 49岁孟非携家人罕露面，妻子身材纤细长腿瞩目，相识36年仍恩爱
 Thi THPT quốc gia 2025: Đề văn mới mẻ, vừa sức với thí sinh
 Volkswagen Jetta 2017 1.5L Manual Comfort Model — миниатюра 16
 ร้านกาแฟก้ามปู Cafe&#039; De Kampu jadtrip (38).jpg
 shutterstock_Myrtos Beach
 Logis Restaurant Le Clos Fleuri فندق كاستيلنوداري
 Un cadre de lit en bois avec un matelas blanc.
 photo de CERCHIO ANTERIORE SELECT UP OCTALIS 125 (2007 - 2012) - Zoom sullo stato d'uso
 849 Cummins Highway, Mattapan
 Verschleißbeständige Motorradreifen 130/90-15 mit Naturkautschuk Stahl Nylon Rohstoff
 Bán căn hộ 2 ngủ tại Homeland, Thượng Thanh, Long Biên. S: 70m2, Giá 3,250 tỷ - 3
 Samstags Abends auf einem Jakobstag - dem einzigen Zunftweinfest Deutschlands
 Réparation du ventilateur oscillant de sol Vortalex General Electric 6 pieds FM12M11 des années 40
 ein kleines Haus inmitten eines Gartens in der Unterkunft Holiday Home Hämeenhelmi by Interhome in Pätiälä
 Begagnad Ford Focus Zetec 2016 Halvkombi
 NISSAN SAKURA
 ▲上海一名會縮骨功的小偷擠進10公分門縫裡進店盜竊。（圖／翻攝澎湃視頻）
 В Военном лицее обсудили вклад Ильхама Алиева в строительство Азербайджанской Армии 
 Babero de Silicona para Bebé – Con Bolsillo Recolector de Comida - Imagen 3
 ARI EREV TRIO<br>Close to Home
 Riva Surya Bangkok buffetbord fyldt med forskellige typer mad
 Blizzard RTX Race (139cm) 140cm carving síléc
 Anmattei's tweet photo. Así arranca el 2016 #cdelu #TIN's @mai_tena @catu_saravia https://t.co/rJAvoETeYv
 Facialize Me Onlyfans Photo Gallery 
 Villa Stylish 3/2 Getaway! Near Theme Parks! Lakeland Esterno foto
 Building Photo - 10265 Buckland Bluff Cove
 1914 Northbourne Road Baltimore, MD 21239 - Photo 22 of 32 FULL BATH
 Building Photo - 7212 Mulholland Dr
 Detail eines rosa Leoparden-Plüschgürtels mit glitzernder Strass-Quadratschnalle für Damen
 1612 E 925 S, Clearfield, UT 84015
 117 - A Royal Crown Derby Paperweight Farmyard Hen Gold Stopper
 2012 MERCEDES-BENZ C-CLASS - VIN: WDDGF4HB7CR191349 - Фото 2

▬▬▬▬▬▬

● **Assignment**
The data must be transcribed in full. Every word stays the same.

● **Task solution**
 49岁孟非携家人罕露面，妻子身材纤细长腿瞩目，相识36年仍恩爱
 Thi THPT quốc gia 2025: Đề văn mới mẻ, vừa sức với thí sinh
 Volkswagen Jetta 2017 1.5L Manual Comfort Model — миниатюра 16
 ร้านกาแฟก้ามปู Cafe&#039; De Kampu jadtrip (38).jpg
 shutterstock_Myrtos Beach
 Logis Restaurant Le Clos Fleuri فندق كاستيلنوداري
 Un cadre de lit en bois avec un matelas blanc.
 photo de CERCHIO ANTERIORE SELECT UP OCTALIS 125 (2007 - 2012) - Zoom sullo stato d'uso
 849 Cummins Highway, Mattapan
 Verschleißbeständige Motorradreifen 130/90-15 mit Naturkautschuk Stahl Nylon Rohstoff
 Bán căn hộ 2 ngủ tại Homeland, Thượng Thanh, Long Biên. S: 70m2, Giá 3,250 tỷ - 3
 Samstags Abends auf einem Jakobstag - dem einzigen Zunftweinfest Deutschlands
 Réparation du ventilateur oscillant de sol Vortalex General Electric 6 pieds FM12M11 des années 40
 ein kleines Haus inmitten eines Gartens in der Unterkunft Holiday Home Hämeenhelmi by Interhome in Pätiälä
 Begagnad Ford Focus Zetec 2016 Halvkombi
 NISSAN SAKURA
 ▲上海一名會縮骨功的小偷擠進10公分門縫裡進店盜竊。（圖／翻攝澎湃視頻）
 В Военном лицее обсудили вклад Ильхама Алиева в строительство Азербайджанской Армии 
 Babero de Silicona para Bebé – Con Bolsillo Recolector de Comida - Imagen 3
 ARI EREV TRIO<br>Close to Home
 Riva Surya Bangkok buffetbord fyldt med forskellige typer mad
 Blizzard RTX Race (139cm) 140cm carving síléc
 Anmattei's tweet photo. Así arranca el 2016 #cdelu #TIN's @mai_tena @catu_saravia https://t.co/rJAvoETeYv
 Facialize Me Onlyfans Photo Gallery 
 Villa Stylish 3/2 Getaway! Near Theme Parks! Lakeland Esterno foto
 Building Photo - 10265 Buckland Bluff Cove
 1914 Northbourne Road Baltimore, MD 21239 - Photo 22 of 32 FULL BATH
 Building Photo - 7212 Mulholland Dr
 Detail eines rosa Leoparden-Plüschgürtels mit glitzernder Strass-Quadratschnalle für Damen
 1612 E 925 S, Clearfield, UT 84015
 117 - A Royal Crown Derby Paperweight Farmyard Hen Gold Stopper
 2012 MERCEDES-BENZ C-CLASS - VIN: WDDGF4HB7CR191349 - Фото 2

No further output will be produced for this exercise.